The Asia-Pacific region is projected to grow at the fastest CAGR during the period due to it being ‘a manufacturing hub is expected to adopt the robot software substantially, to remain cost-efficient and export high-quality goods to other countries.'
Financial Performance & IPO Details
CloudMinds' recent financial results can be summarized as follows:
Growing topline revenue, but at uneven rates of growth versus prior
Variable gross profit and increased gross margin
Reduced operating loss and uneven negative operating margin
Variable negative cash flow from operations
As of March 31, 2019, the company had $50.9 million in cash and $300.3 million in total liabilities. (Unaudited, interim)
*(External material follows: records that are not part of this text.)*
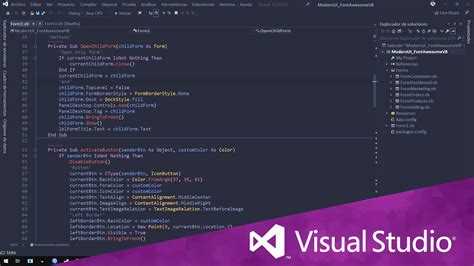 Как настроить цвета и шрифты для темной темы в Visual Studio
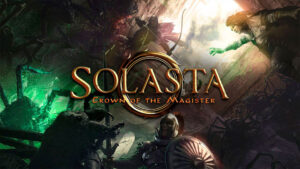 Solasta Crown of the Magister game cover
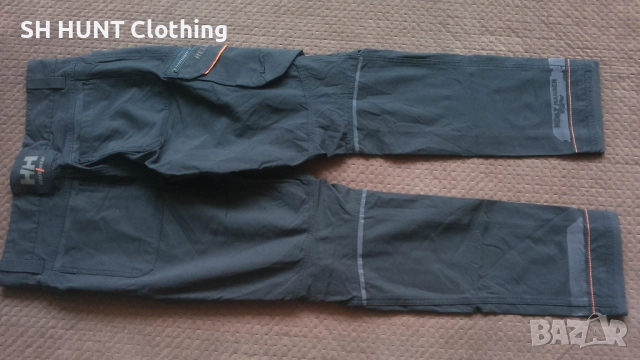 HELLY HANSEN 77574 Kensington 4-Way Stretch Work Trouser 46 / S еластичен работен панталон W4-451, снимка 3 - Панталони - 52075849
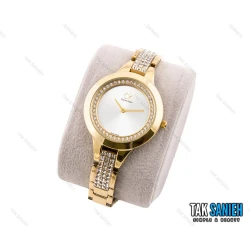 ساعت مچی عقربه ای زنانه کلوین کلاین مدل Calvin-1858-L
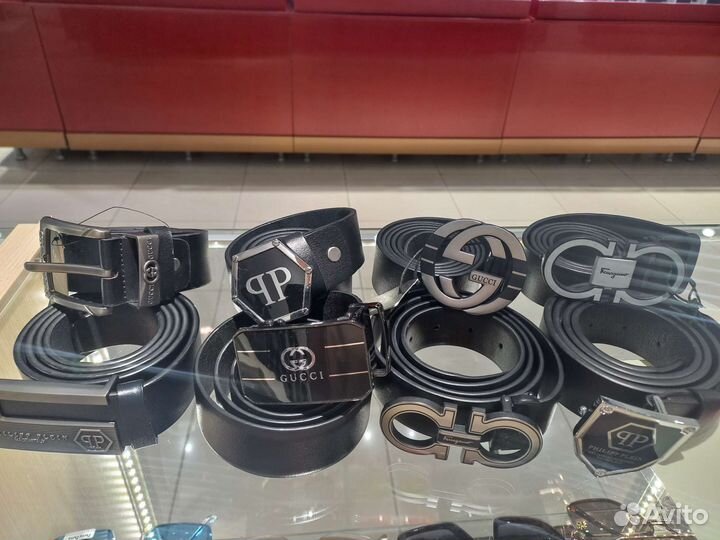 Новые брендовые ремни кожа натуральна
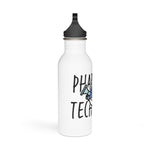 Pharmacy Technician Mascot - Stainless Steel Water Bottle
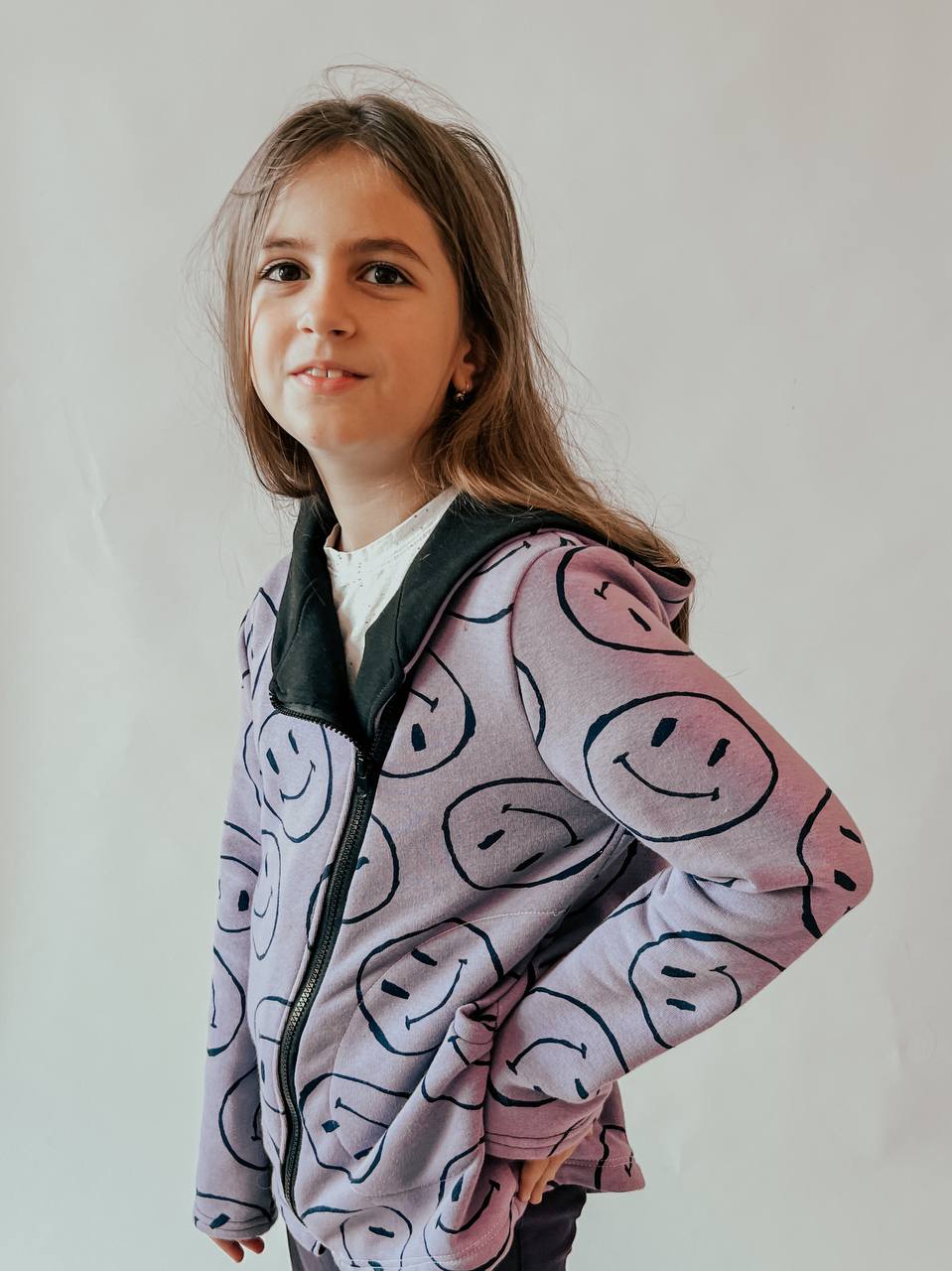 Sewing pattern &quot;Ami&quot; zip-up jumpsuit for children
Free cash flow during the twelve months ended March 31, 2019, was a negative ($92.3 million).
CMDS intends to raise $500 million in gross proceeds from an IPO of ADSs representing underlying Class A shares, although the final figure may differ.
Class B shareholders, including management and investor SVF Cloud (Singapore), will retain voting control of the company through a 10-1 ratio of votes compared to Class A shareholders.
The S&P 500 Index no longer admits firms with multiple classes of stock.
Per the firm's latest filing, it plans to use the net proceeds from the IPO as follows:
approximately 40 percent of net proceeds for research and development of products, services and technologies;
approximately 20 percent of net proceeds for operation infrastructure investment, ecosystem buildup and expansion of production capacities;
approximately 20 percent of net proceeds for sales and marketing, development of sales channels and expanding market shares; and
the balance for general corporate purposes and working capital and potential strategic investments and acquisitions.
Management's presentation of the company roadshow isn't available yet.
Listed underwriters of the IPO are Citigroup, J.P. Morgan, and UBS Investment Bank.
CMDS is attempting to access U.S. public investment at a time where the track record of Chinese company stock performance has been generally challenging for investors.
The company's financials show strong revenue and gross profit growth on an annual basis, but highly variable when factoring in Q1 2019's results.
Sales and marketing expenses as a percentage of total revenue have been uneven; sales & marketing efficiency as a function of marginal gross profit has also been highly variable.
On the legal side, like many Chinese firms seeking to tap U.S. markets, the firm operates within a VIE structure or Variable Interest Entity. U.S. investors would only have an interest in an offshore firm with contractual rights to the firm's operational results but would not own the underlying assets.
This is a legal gray area that brings the risk of management changing the terms of the contractual agreement or the Chinese government altering the legality of such arrangements. Prospective U.S.-based investors in the IPO would need to factor in this important structural consideration.
The market opportunity for robotic software and hardware integration indicates a tremendous forecasted growth rate and CloudMinds appears well-positioned for selling to Asian business prospects interested in improving the efficiency of their operations.
(The opinions expressed by contributing analysts do not reflect the position of CapitalWatch or its journalists. The analyst has no positions in any stocks mentioned, no plans to initiate any positions within the next 72 hours, and no business relationship with any company whose stock is mentioned in this article. Information provided is for educational purposes only, may be incomplete or out of date, and does not constitute financial, legal, or investment advice.)